Good evening everyone, I am trying to repair a friends laptop that has a blank screen. When you power it on, the power light comes on, and the fan spins for about 5 seconds or so. I also tried putting in a windows cd in the drive in which it will spin for about 20 seconds before stopping. I downloaded a SM and removed harware 1 piece at a time with known good harware. This included, DVD/CD rom, LAN, Ram Memory, Hard Drive and monitor (while having an external hooked up). I also tried leaving the display hooked up and using an external monitor in which when I turned on the external, it went into sleep mode instantly. I called Acer support in which this is no longer under warantee and they told me a few things to try but nothing worked. They also said that it sounds like a harware issue and would cost 2 hundred + shipping to fix. I tried to flash the bios but it appears as if the USB ports are not working. I also went ahead and ordered a used processor for it to see if that would be the problem. 

the program it is running is Windows 7 Home.

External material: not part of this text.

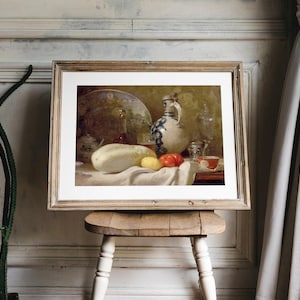 Still Life Painting, Kitchen Still Life, Fruits Vintage Print, Kitchen Decor, Farmhouse Print / P785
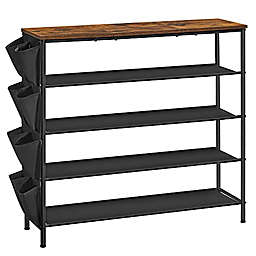 VASAGLE 5-Tier Shoe Rack, Narrow Shoe Organizer, for Closet Entryway, with 4 Fabric Shelves and Top for Bags, Shoe Shelf, Steel Frame, Industrial, Rustic Brown and Black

Any help with this would be great.


----------



## dnpainting (Aug 12, 2011)

Sorry, I didn't see "Laptop Support" 
Moderator, can you please move to laptop support? Thank you!


----------



## dnpainting (Aug 12, 2011)

I just remembered something about when I started troubleshooting this, when I opened up the memory bank door, the RAM closest to the door was dis-engaged, but not hanging out of the bank. I asked the owner if this was dropped and she said not to her knowledge. She said that her dad was using it and was online when all of a sudden, the screen went out and nothing but power light was on. If that helps any.

Thank you


----------



## oscer1 (Jan 27, 2010)

hi dnpainting,

take a run at this thread. http://www.techsupportforum.com/forums/f108/black-screen-issues-and-troubleshooting-498132.html


----------



## dnpainting (Aug 12, 2011)

Thanks Oscer1, I just got finished with doing all of that. Even replaced the CPU. the owners arent going to want to go any further on it. I removed all the hardware 1 by 1, found a CPU (Refurbished) on ebay for cheap and that is not the issue either. 

Going to bed, will have a final look tomorrow. Thanks again

David


----------



## oscer1 (Jan 27, 2010)

your welcome, post back you conclusion.


----------